When the final vote was spoken, Mayor Brian Treece turned to the front row of the audience in the Columbia City Council chambers.

“Welcome to Columbia,” he said to the half-dozen people seated there from Colorado.

Treece and six city council members had just approved selling the city’s land to the group from Aurora Organic Dairy, a company that hopes to build an 80,000-square-foot milk and dairy processing plant at the corner of Route B and Waco Road in northeast Columbia. The company bought the land for just more than $2 million, and are seeking Chapter 100 bonds, an incentive that abates some property taxes.

Company president Scott McGinty said he hoped to hire around 100 people when they open the facility in 2018. AOD currently operates farms and other facilities in Colorado and Texas, and hopes its Columbia facility will give them better access across the country.
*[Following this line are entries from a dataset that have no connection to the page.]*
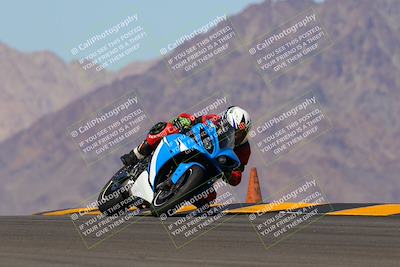 media/Oct-09-2022-SoCal Trackdays (Sun) [[95640aeeb6]]/Turn 9 (1pm)/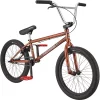BMX GT PERFORMER 21' TRANS COOPER 2021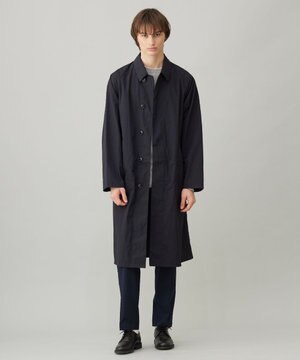  耐久撥水 ライトコート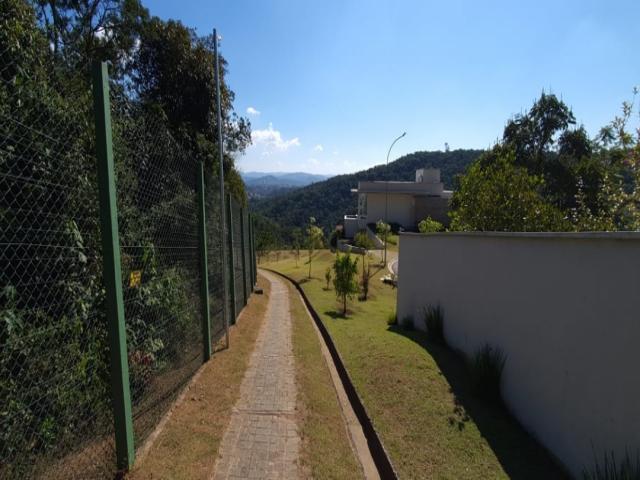 Casa em condomínio para Venda em Alphaville - 44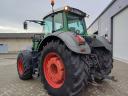 Fendt 826 Vario Profi eladó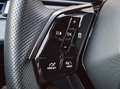 Peugeot 3008 1.2 Hybrid (136 pk) GT - schuifdak - alcantara - F Grau - thumbnail 30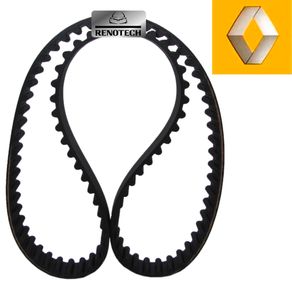 RN-273650-I RN-273650-I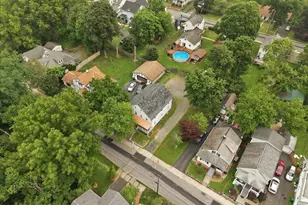 64 Penn St, East Stroudsburg, PA 18301 - Photo 36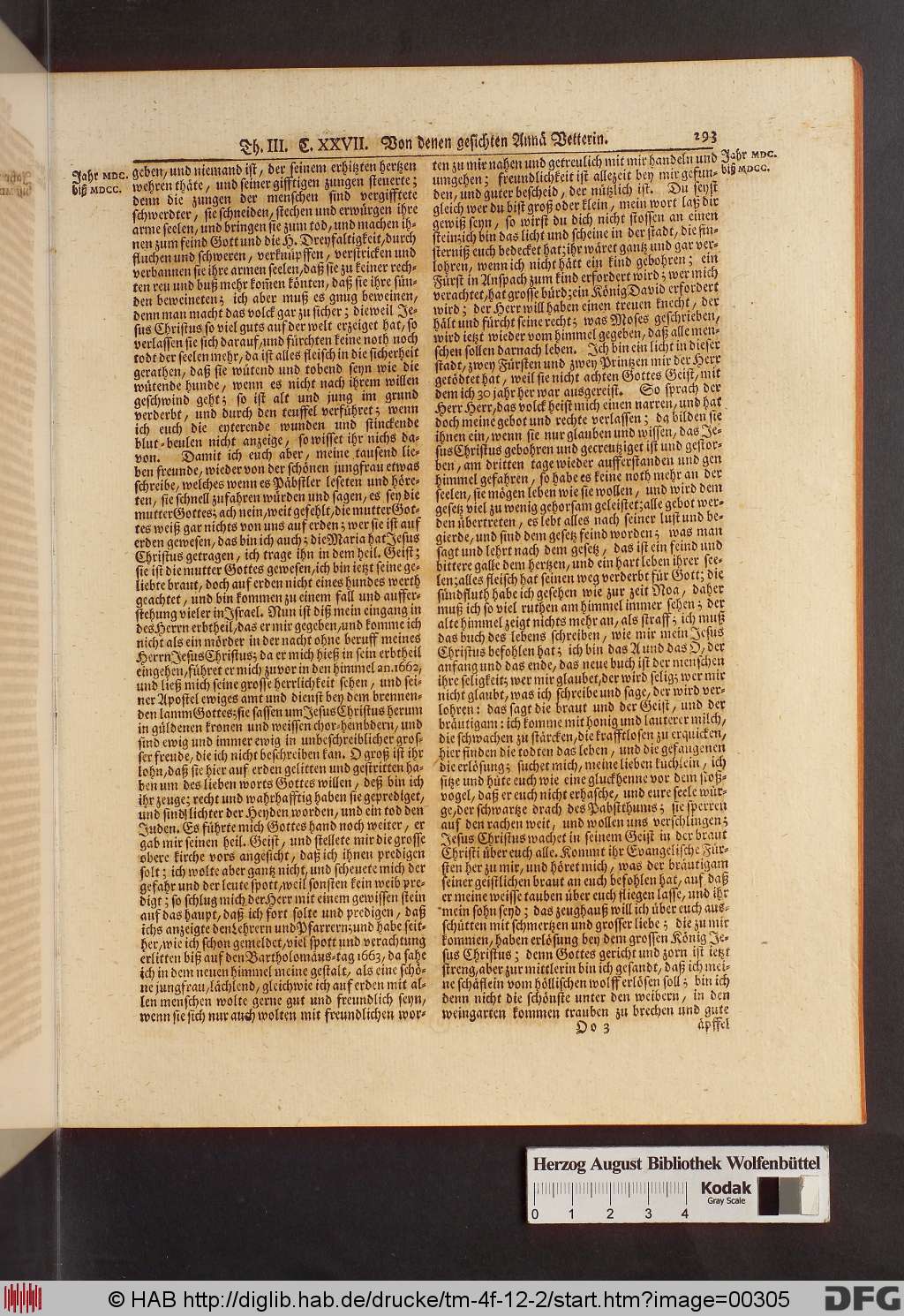 http://diglib.hab.de/drucke/tm-4f-12-2/00305.jpg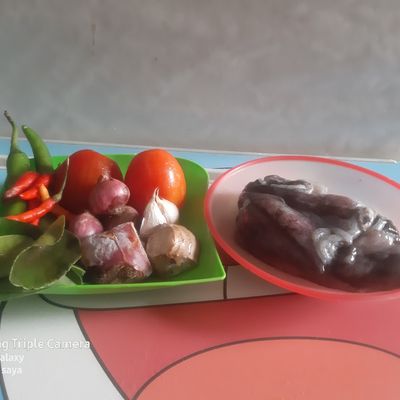 Langkah 1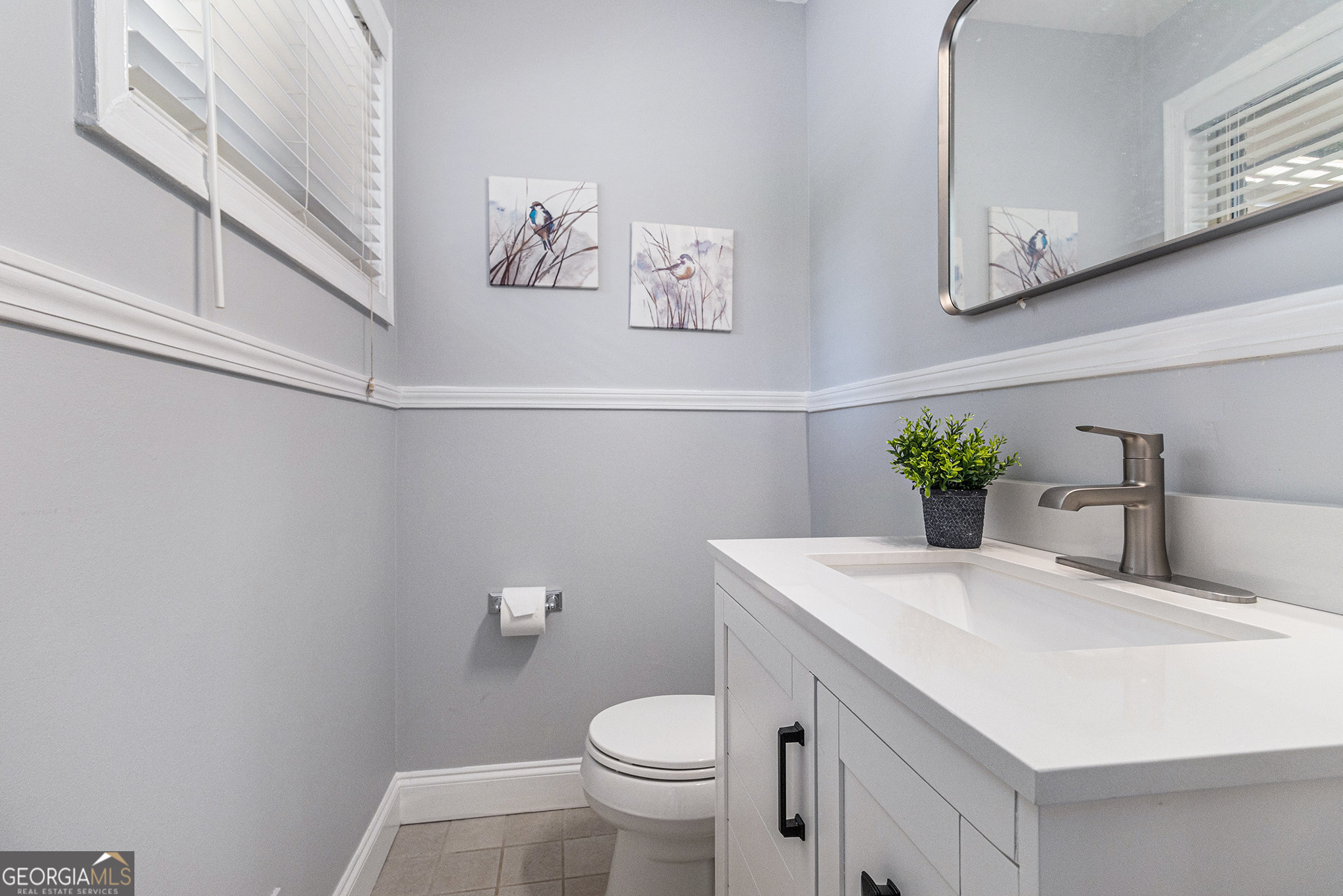 1517 Vancouver Drive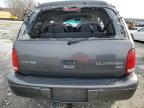 2003 Dodge Durango Slt na sprzedaż w Cahokia Heights, IL - All Over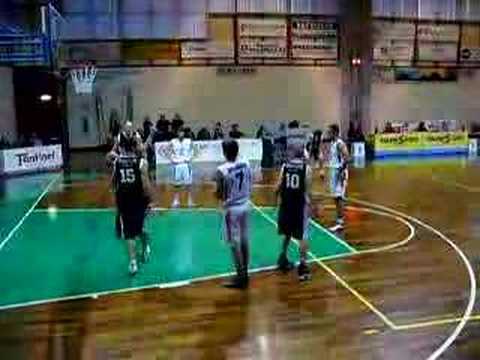 Graphistudio Spilimbergo - Broetto Padova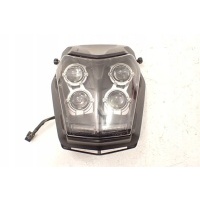 Yamaha tenere 700 фара передняя фара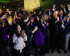 Campagne avond met Gaby en Eddy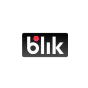 Blik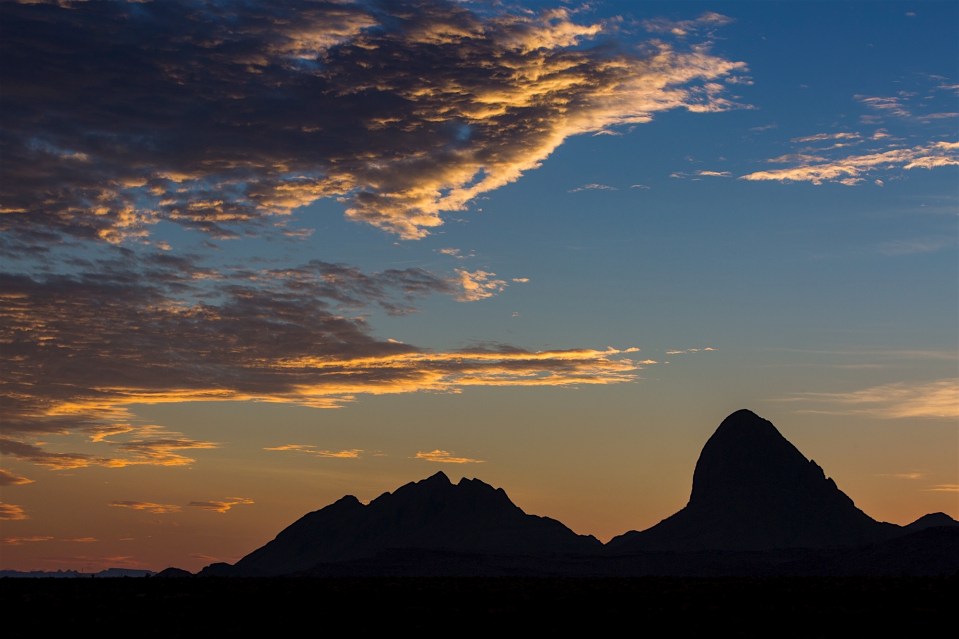 ARS_BBNP_20151116_2012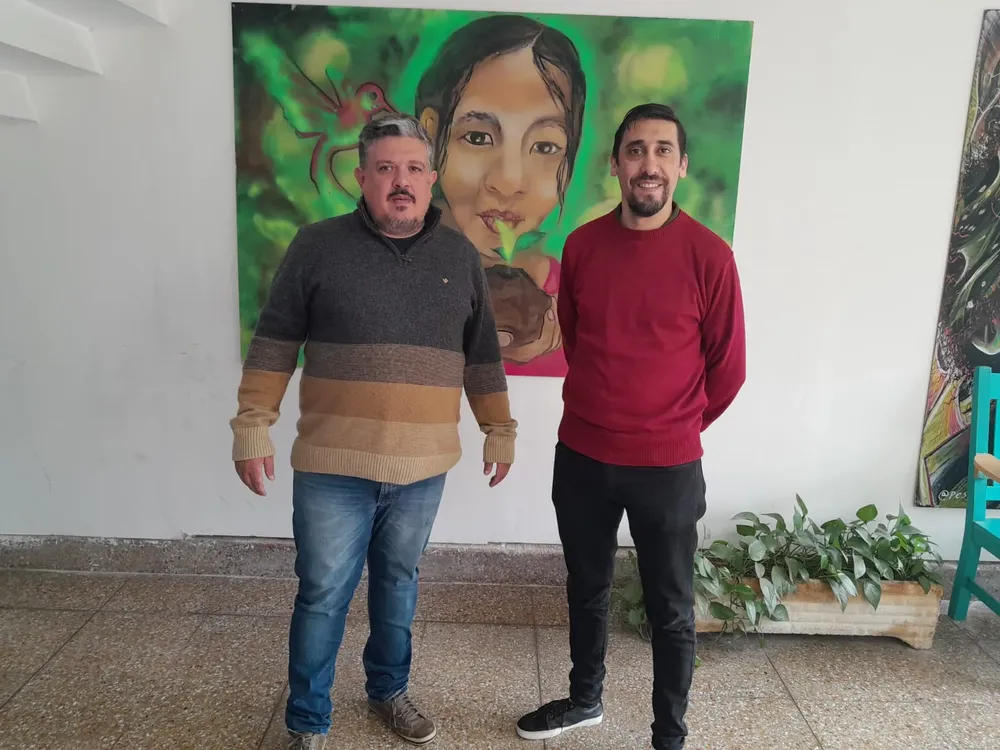 WhatsApp Image 2024-04-29 at 18.13.42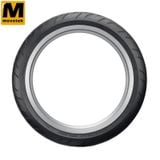 Dunlop Sportmax GPR300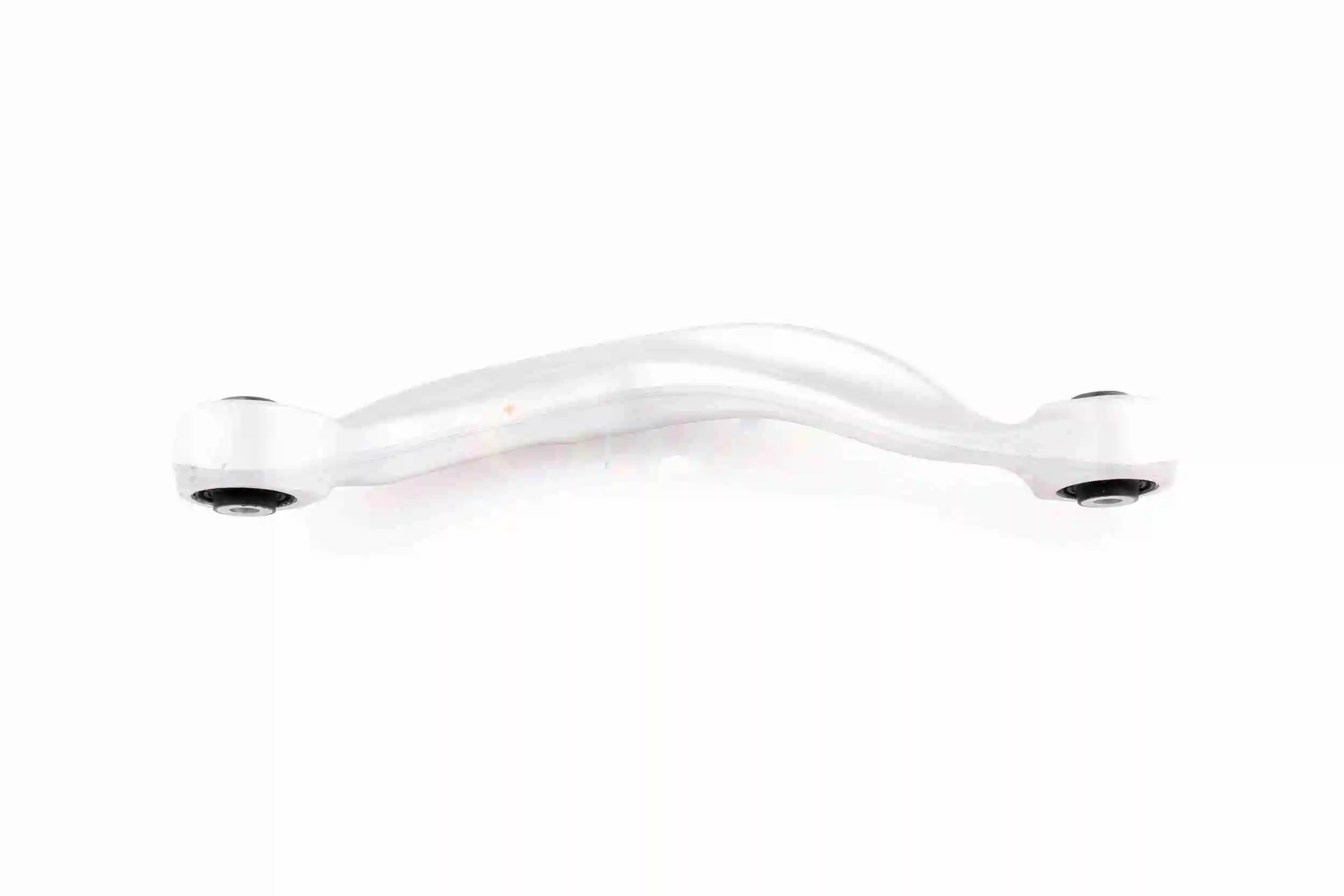 Bras de liaison, suspension de roue VAICO V10-4273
The city’s placement near Interstate 70 was attractive, McGinty said, and hoped to bring in as many as 150 light manufacturing jobs within five years. AOD would ship its dairy products, like store brand organic milk at places like WalMart.

Some raised concerns with AOD’s farming style. Scott Dye with Socially Responsible Agriculture Project said the company’s feeding and grazing practices did not meet the legal requirements to get organic certification from the federal government. The USDA has certified AOD as an organic operation since 2003. ABC 17 News reported on a class-action lawsuit settlement the company entered into involving its advertising as an organic product.

Council members all agreed that the influx of jobs was a much-needed asset to Columbia. AOD estimated it would pay workers around $42,000 a year, with benefits. Councilman Ian Thomas lamented the secrecy the project went through leading up to Monday’s vote. However, he admitted he supported the “clawback” written into the contract, where the city would take $500,000 of the land purchase and return it to the company if they met certain employment marks each year.

Councilman Michael Trapp said the new manufacturing jobs would help reduce poverty in the city. Trapp utilized the percentage of students that qualify for free and reduced lunch at Columbia Public Schools – 46 percent in 2016 – as an indicator for the need in town for families to get a living wage job.

“The fact that our African American unemployment rate is several times higher than the general unemployment rate, it can also be laid at the feet of the decline of manufacturing jobs,” Trapp said.